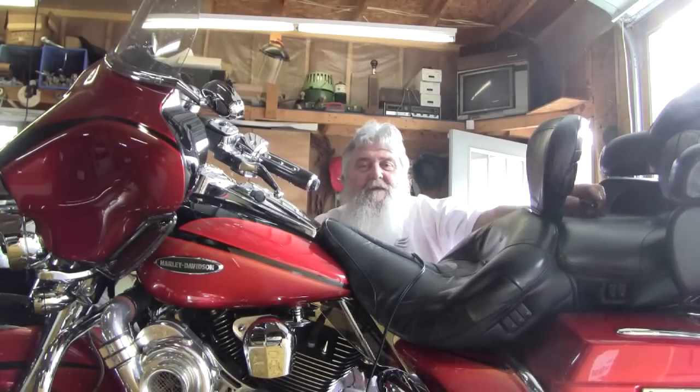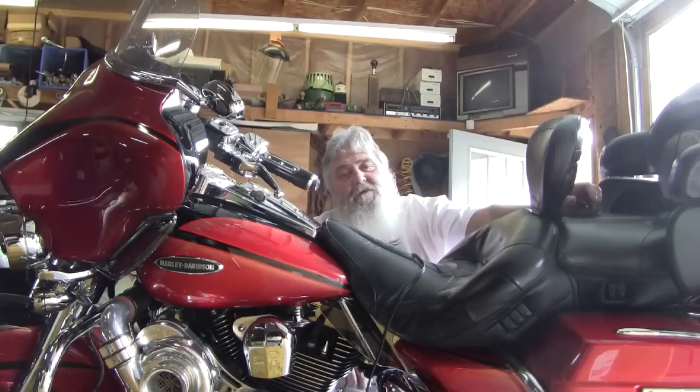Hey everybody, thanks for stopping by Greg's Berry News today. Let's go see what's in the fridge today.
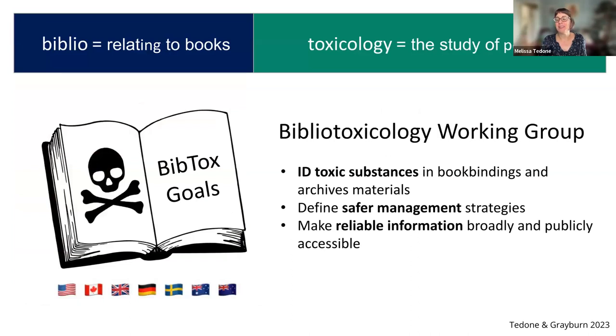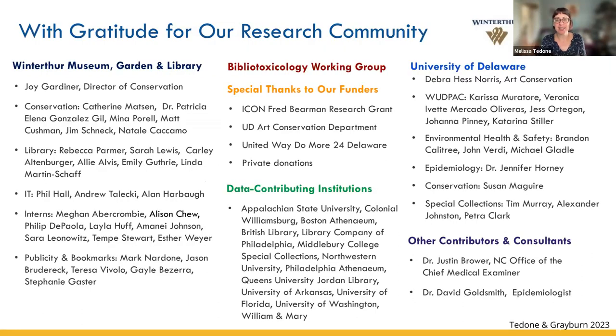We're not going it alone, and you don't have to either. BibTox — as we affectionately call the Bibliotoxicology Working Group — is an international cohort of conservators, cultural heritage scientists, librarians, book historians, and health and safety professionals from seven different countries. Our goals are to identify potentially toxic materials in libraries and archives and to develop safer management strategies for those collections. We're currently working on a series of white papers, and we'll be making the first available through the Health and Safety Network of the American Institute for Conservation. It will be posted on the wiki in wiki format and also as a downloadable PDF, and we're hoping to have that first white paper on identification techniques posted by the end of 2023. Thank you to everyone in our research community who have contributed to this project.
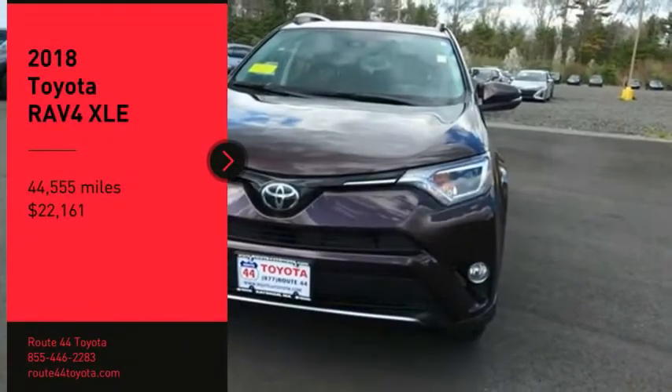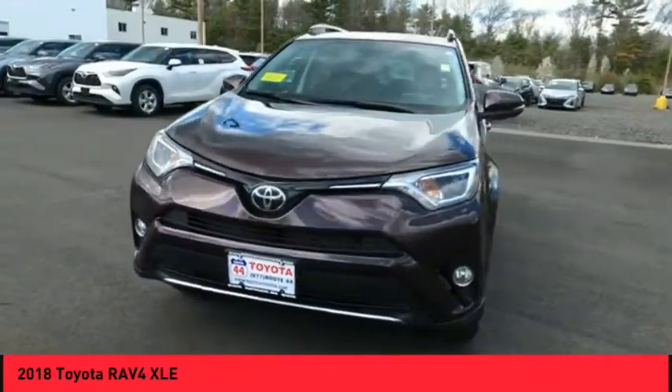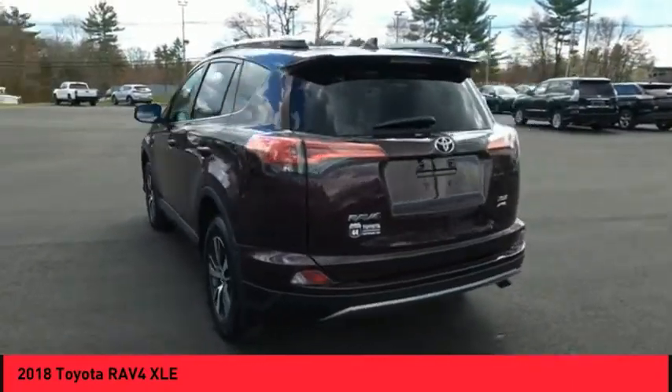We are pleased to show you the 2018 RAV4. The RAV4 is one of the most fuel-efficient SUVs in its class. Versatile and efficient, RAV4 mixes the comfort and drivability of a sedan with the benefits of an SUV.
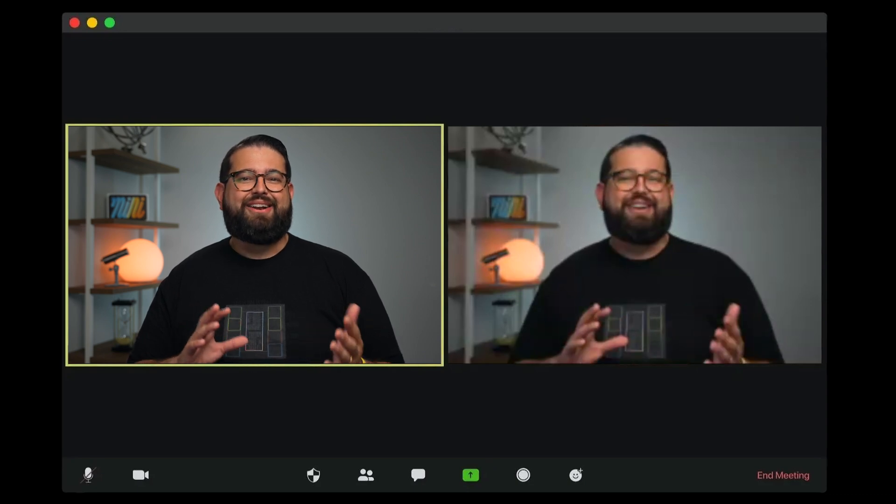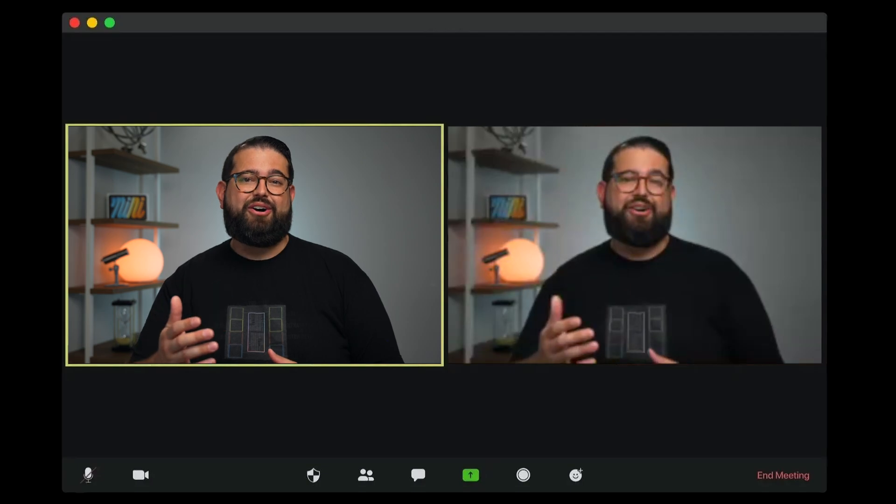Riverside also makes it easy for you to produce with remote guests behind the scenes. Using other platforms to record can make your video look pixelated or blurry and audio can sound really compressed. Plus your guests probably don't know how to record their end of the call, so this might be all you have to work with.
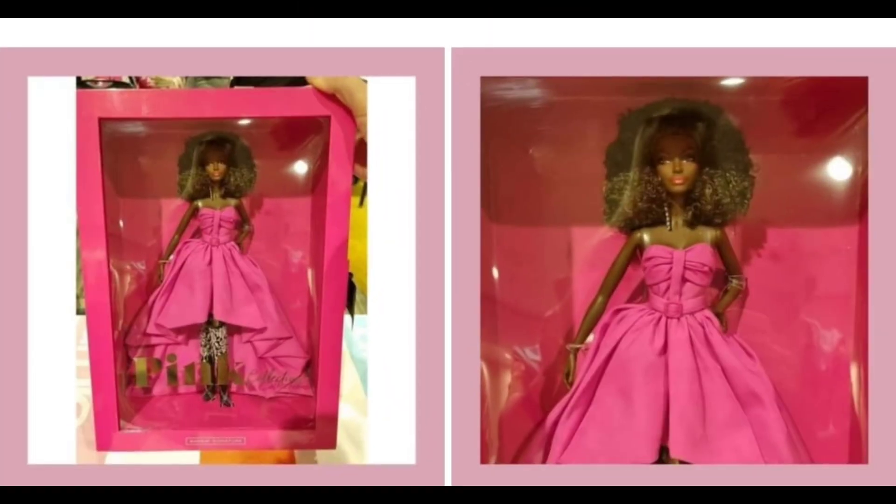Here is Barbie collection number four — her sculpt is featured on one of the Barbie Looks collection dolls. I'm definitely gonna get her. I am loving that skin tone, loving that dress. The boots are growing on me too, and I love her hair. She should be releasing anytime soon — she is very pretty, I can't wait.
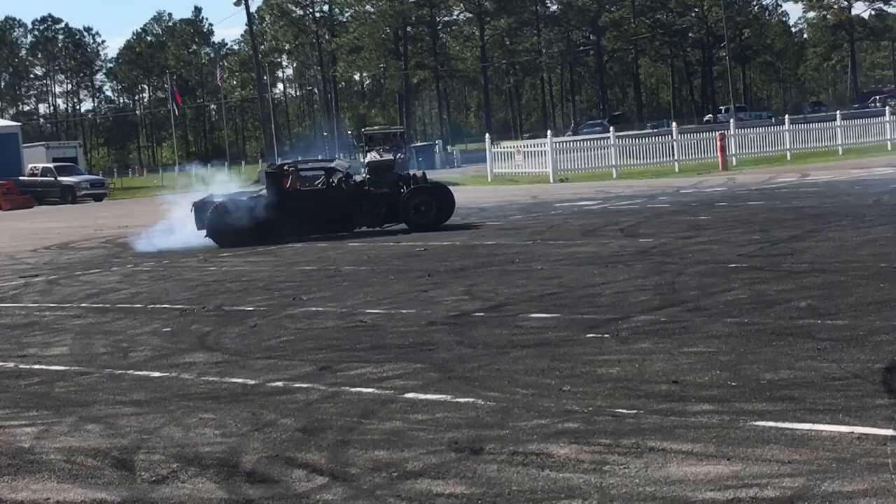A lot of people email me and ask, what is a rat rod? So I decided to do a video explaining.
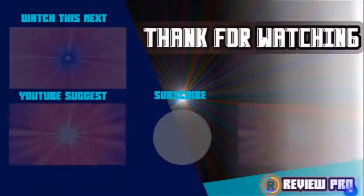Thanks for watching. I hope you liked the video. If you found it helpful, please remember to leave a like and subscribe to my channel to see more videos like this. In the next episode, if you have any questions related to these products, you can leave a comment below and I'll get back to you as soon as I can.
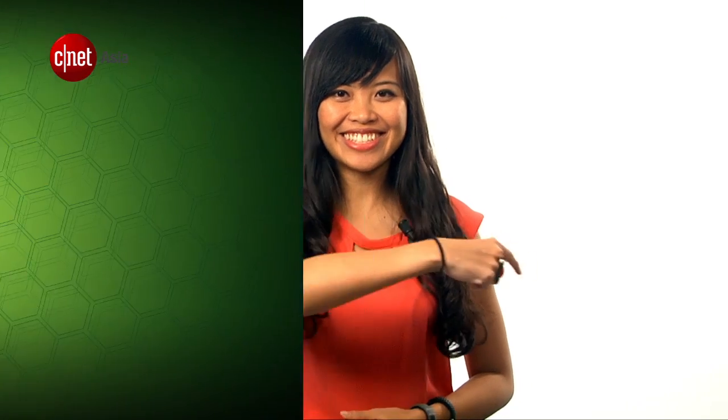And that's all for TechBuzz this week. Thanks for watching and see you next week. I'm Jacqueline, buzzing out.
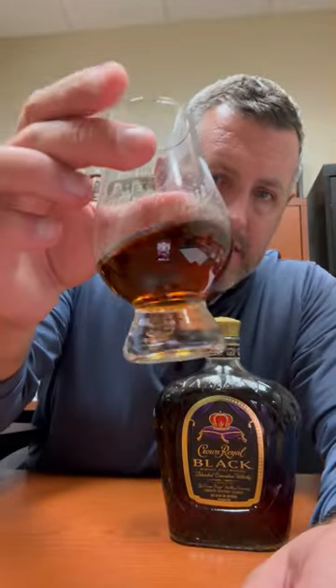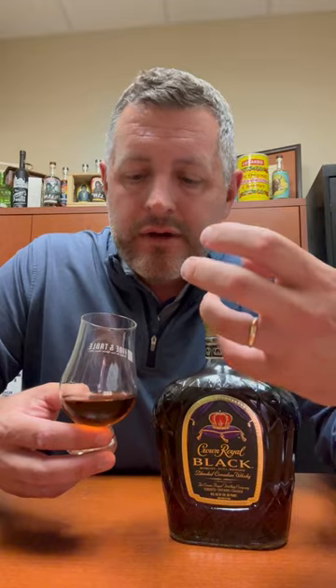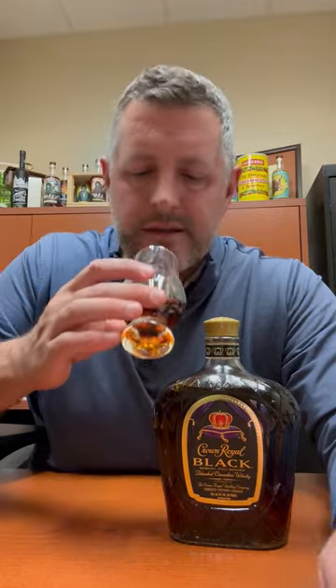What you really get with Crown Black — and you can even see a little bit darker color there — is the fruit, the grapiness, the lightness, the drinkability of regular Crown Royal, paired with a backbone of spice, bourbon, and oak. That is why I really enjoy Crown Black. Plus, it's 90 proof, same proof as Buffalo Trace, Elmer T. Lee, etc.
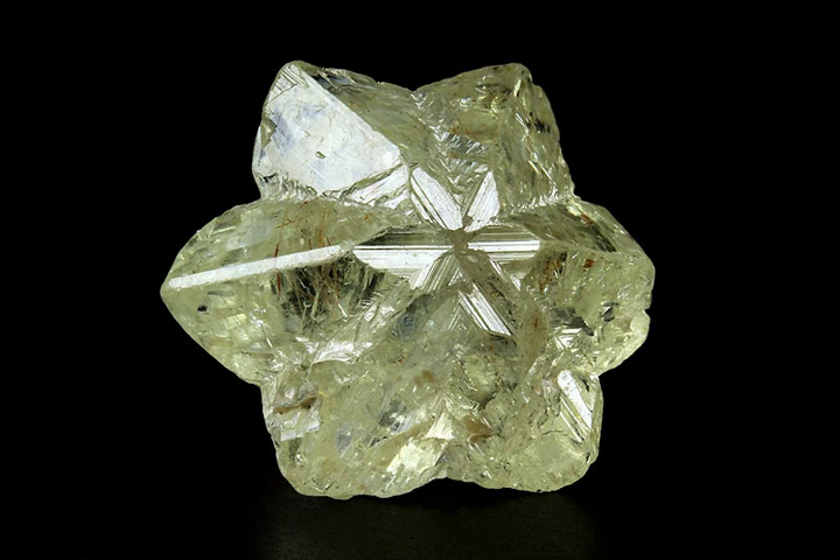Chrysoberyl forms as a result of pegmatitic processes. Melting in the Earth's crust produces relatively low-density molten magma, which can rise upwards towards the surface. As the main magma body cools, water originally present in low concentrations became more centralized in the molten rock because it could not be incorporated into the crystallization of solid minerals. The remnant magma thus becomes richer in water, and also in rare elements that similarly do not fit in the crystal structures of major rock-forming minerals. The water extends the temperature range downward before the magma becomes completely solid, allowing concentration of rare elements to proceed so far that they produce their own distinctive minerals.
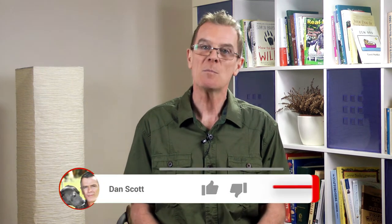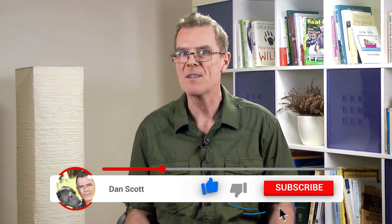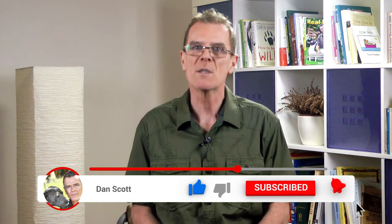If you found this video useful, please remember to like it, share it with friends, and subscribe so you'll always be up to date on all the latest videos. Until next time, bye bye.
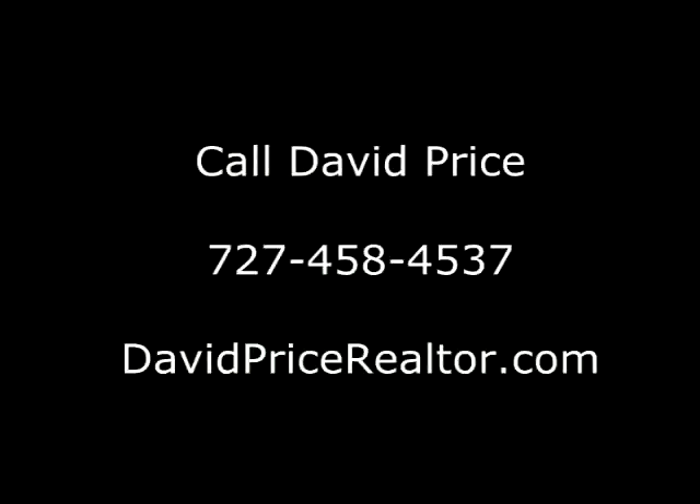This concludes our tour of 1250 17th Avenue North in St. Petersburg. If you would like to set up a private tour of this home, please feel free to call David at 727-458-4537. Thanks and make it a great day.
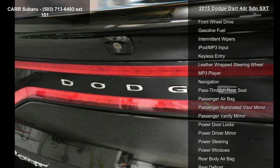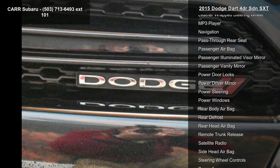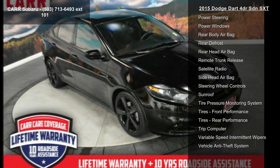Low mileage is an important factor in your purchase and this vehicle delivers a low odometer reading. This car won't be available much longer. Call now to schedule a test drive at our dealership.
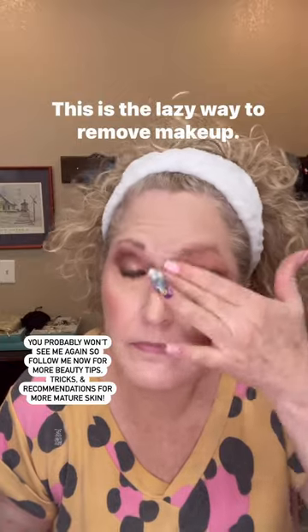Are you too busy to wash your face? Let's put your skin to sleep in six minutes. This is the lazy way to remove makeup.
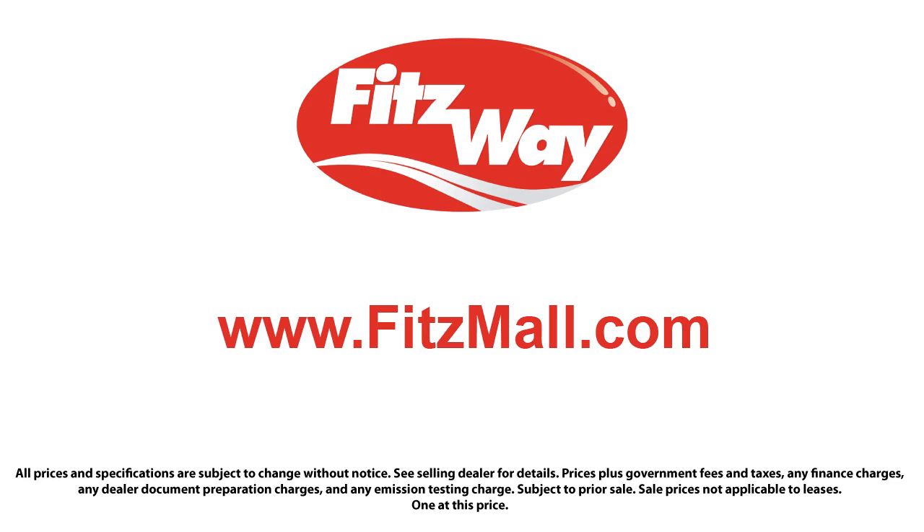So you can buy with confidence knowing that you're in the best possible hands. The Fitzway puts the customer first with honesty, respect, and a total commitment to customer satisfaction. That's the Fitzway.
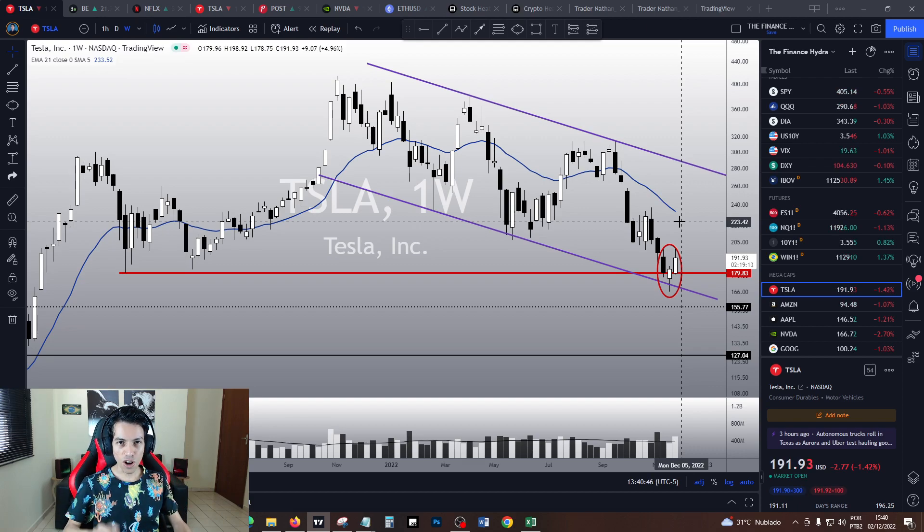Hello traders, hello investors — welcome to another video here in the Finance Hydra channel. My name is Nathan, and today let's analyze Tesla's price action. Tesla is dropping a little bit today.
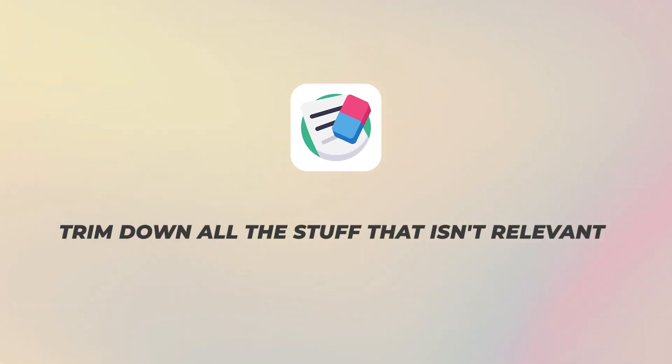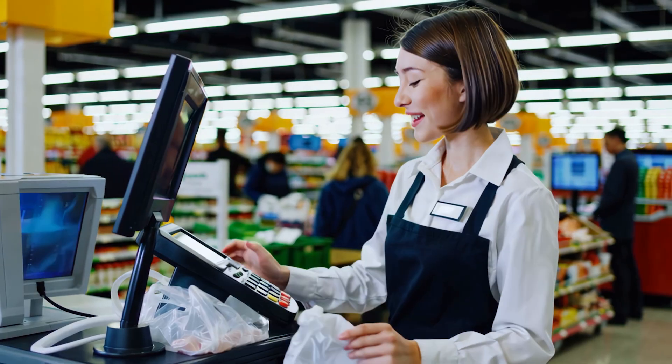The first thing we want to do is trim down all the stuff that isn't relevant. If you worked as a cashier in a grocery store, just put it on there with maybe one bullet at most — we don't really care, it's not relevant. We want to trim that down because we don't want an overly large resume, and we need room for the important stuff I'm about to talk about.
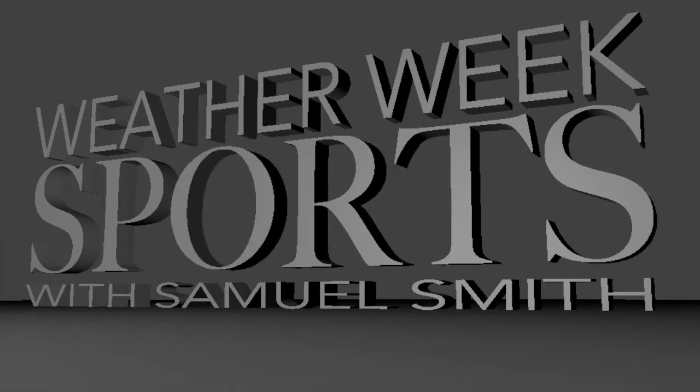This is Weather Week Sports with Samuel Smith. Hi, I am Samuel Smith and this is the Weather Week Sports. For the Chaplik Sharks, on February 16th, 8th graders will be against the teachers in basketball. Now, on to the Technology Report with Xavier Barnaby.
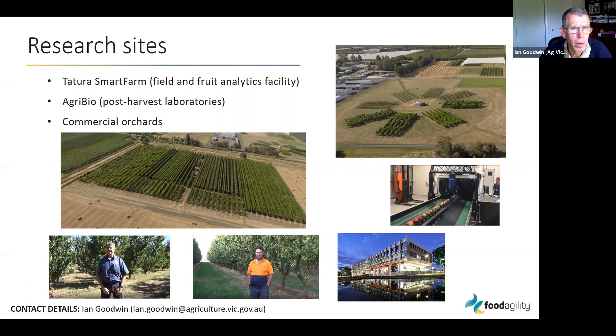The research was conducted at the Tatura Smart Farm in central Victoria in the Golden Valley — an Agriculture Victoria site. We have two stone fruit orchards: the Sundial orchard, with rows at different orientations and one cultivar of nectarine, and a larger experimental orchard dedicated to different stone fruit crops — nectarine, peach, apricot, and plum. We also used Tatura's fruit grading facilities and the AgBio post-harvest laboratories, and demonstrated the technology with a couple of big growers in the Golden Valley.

WORK ORDER
A word-for-word copy of every entry, with the pictures left out, is the required answer.

RESULT OF THIS TASK
Hey everybody, thanks for stopping by Greg's Berry News today. Let's go see what's in the fridge today.
We're not going it alone, and you don't have to either. BibTox — as we affectionately call the Bibliotoxicology Working Group — is an international cohort of conservators, cultural heritage scientists, librarians, book historians, and health and safety professionals from seven different countries. Our goals are to identify potentially toxic materials in libraries and archives and to develop safer management strategies for those collections. We're currently working on a series of white papers, and we'll be making the first available through the Health and Safety Network of the American Institute for Conservation. It will be posted on the wiki in wiki format and also as a downloadable PDF, and we're hoping to have that first white paper on identification techniques posted by the end of 2023. Thank you to everyone in our research community who have contributed to this project.
We are pleased to show you the 2018 RAV4. The RAV4 is one of the most fuel-efficient SUVs in its class. Versatile and efficient, RAV4 mixes the comfort and drivability of a sedan with the benefits of an SUV.
Riverside also makes it easy for you to produce with remote guests behind the scenes. Using other platforms to record can make your video look pixelated or blurry and audio can sound really compressed. Plus your guests probably don't know how to record their end of the call, so this might be all you have to work with.
Here is Barbie collection number four — her sculpt is featured on one of the Barbie Looks collection dolls. I'm definitely gonna get her. I am loving that skin tone, loving that dress. The boots are growing on me too, and I love her hair. She should be releasing anytime soon — she is very pretty, I can't wait.
A lot of people email me and ask, what is a rat rod? So I decided to do a video explaining.
Thanks for watching. I hope you liked the video. If you found it helpful, please remember to leave a like and subscribe to my channel to see more videos like this. In the next episode, if you have any questions related to these products, you can leave a comment below and I'll get back to you as soon as I can.
And that's all for TechBuzz this week. Thanks for watching and see you next week. I'm Jacqueline, buzzing out.
What you really get with Crown Black — and you can even see a little bit darker color there — is the fruit, the grapiness, the lightness, the drinkability of regular Crown Royal, paired with a backbone of spice, bourbon, and oak. That is why I really enjoy Crown Black. Plus, it's 90 proof, same proof as Buffalo Trace, Elmer T. Lee, etc.
Chrysoberyl forms as a result of pegmatitic processes. Melting in the Earth's crust produces relatively low-density molten magma, which can rise upwards towards the surface. As the main magma body cools, water originally present in low concentrations became more centralized in the molten rock because it could not be incorporated into the crystallization of solid minerals. The remnant magma thus becomes richer in water, and also in rare elements that similarly do not fit in the crystal structures of major rock-forming minerals. The water extends the temperature range downward before the magma becomes completely solid, allowing concentration of rare elements to proceed so far that they produce their own distinctive minerals.
If you found this video useful, please remember to like it, share it with friends, and subscribe so you'll always be up to date on all the latest videos. Until next time, bye bye.
This concludes our tour of 1250 17th Avenue North in St. Petersburg. If you would like to set up a private tour of this home, please feel free to call David at 727-458-4537. Thanks and make it a great day.
Low mileage is an important factor in your purchase and this vehicle delivers a low odometer reading. This car won't be available much longer. Call now to schedule a test drive at our dealership.
Are you too busy to wash your face? Let's put your skin to sleep in six minutes. This is the lazy way to remove makeup.
So you can buy with confidence knowing that you're in the best possible hands. The Fitzway puts the customer first with honesty, respect, and a total commitment to customer satisfaction. That's the Fitzway.
Hello traders, hello investors — welcome to another video here in the Finance Hydra channel. My name is Nathan, and today let's analyze Tesla's price action. Tesla is dropping a little bit today.
The first thing we want to do is trim down all the stuff that isn't relevant. If you worked as a cashier in a grocery store, just put it on there with maybe one bullet at most — we don't really care, it's not relevant. We want to trim that down because we don't want an overly large resume, and we need room for the important stuff I'm about to talk about.
This is Weather Week Sports with Samuel Smith. Hi, I am Samuel Smith and this is the Weather Week Sports. For the Chaplik Sharks, on February 16th, 8th graders will be against the teachers in basketball. Now, on to the Technology Report with Xavier Barnaby.
The research was conducted at the Tatura Smart Farm in central Victoria in the Golden Valley — an Agriculture Victoria site. We have two stone fruit orchards: the Sundial orchard, with rows at different orientations and one cultivar of nectarine, and a larger experimental orchard dedicated to different stone fruit crops — nectarine, peach, apricot, and plum. We also used Tatura's fruit grading facilities and the AgBio post-harvest laboratories, and demonstrated the technology with a couple of big growers in the Golden Valley.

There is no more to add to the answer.